Thursday, August 30, 2012

One Week Down

Today marked a week of school completed.  I asked my Humanities class how many felt like it had gone by really quickly, like "how could it be a week gone by already?"  Only several raised their hands.  Most raised their hands when I asked how many felt like a lot longer than a week.

Interesting how different people experience time differently.  For the large number who are starting to feel time dragging with the school routine back in session, I am going to have to do my part and redouble my efforts to keep my classes relevant and interesting; I packed a lot into this first week of class--too much, I think, and till today didn't really give my class a chance to catch their breath.  I need to...... s.l.ow. d..o..w..n.. and allow time to absorb, reflect, process.  I'm finding there is no certain recipe for good teaching or a good class--there are things I should do, of course, and characteristics I should nurture in myself as a teacher, but ultimately, I need to read each class as they come in and figure out how best to reach them.

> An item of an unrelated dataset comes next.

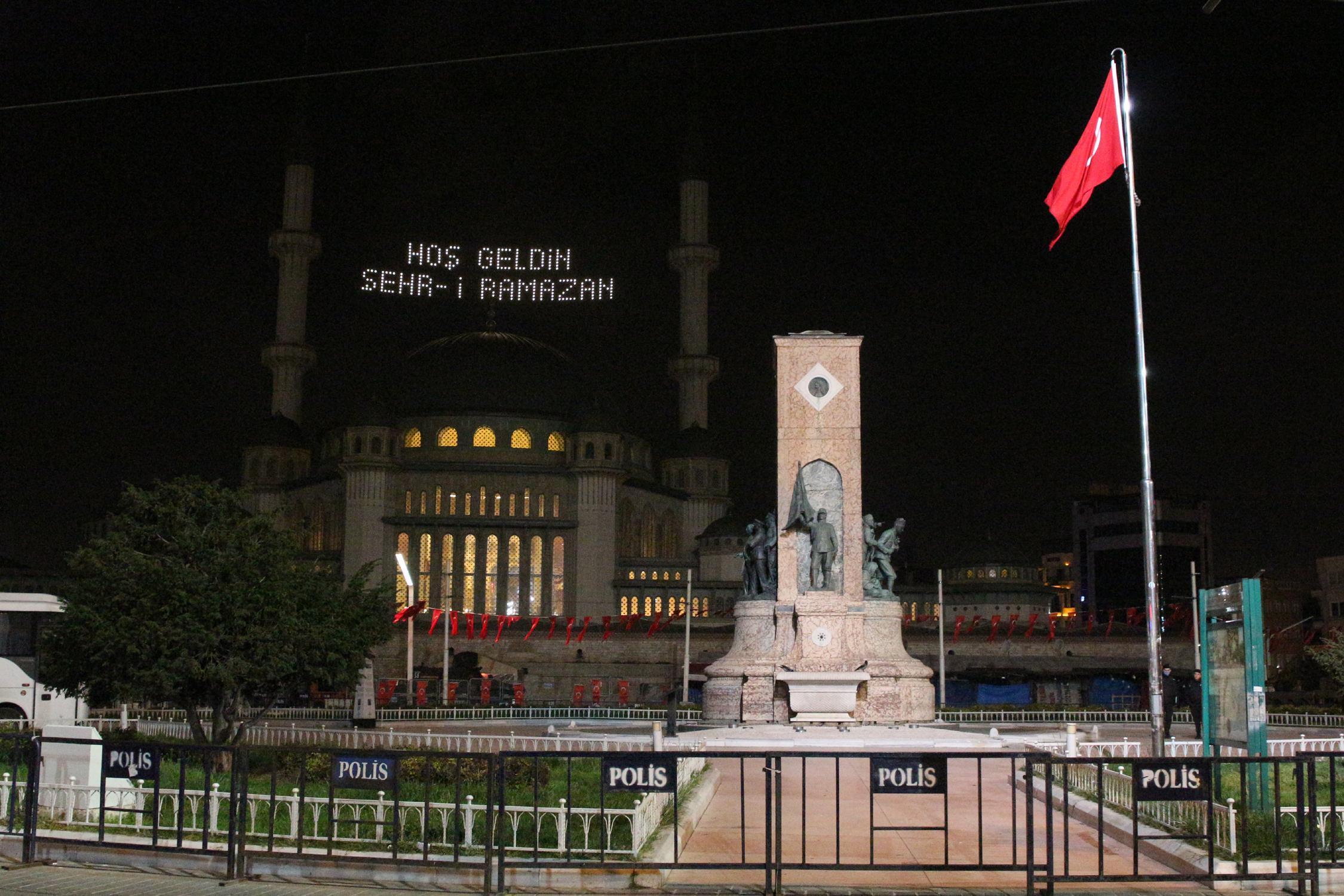 1 Mayıs öncesi Taksim Meydanı ve Gezi Parkında güvenlik tedbirleri artırıldı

I like this new group of Juniors.  They are easy-going and good-natured.  They are not complainers, and willingly do whatever task is set before them.  I need to be careful not to burn them out this early in the game  (My hours of summer planning, I'm finding, has resulted in more good ideas than I actually have physical time for and so my main job as I follow my plans through the school-year will be to prune things back to a point that will still stretch the kids and help them to grow, but will not bury or exhaust them.  It's a tough balance to strike).  My Humanities class already has 6 separate assignments in the grade book--I think it took me a month last year to get to that number :P.  Time to ease up, and remind myself that coverage isn't why I teach... I need to allow time for uncoverage, deep thought,  reflection.

Fortunately, this group seems responsive and easy to work with, so finding a good balance to the work-load should not be too difficult.  And, the start to the year with the freshmen has been good, too.  The first two days were quiet, but I've had them doing storytelling practice the past two days (practicing to tell various creation myths) and that seems to have created at least a basic level of comfortability, and I noticed many more students being animated and expressive in their practicing today.

I'm working harder than ever.  Too hard, I think--after several hours of work at school two evenings ago, I started getting strange twinges and pains in my chest and tonight, I'm barely functioning due to sheer exhaustion... (maybe another sign that I need to ease the heck up with the pace that I'm setting).  That aside, the actual teaching has never felt so easy--I'm a long ways past the terror and bewilderment I felt nearly every day during my first full year in 2009-2010.  This is a job I love, and far from being a place that I am apprehensive about stepping into, the classroom is THE place I want to be.  Each day when 6th period ends, I start looking forward to 2nd period the next day.  This may also be a signal that I need to start actively building a personal life.  Hmm.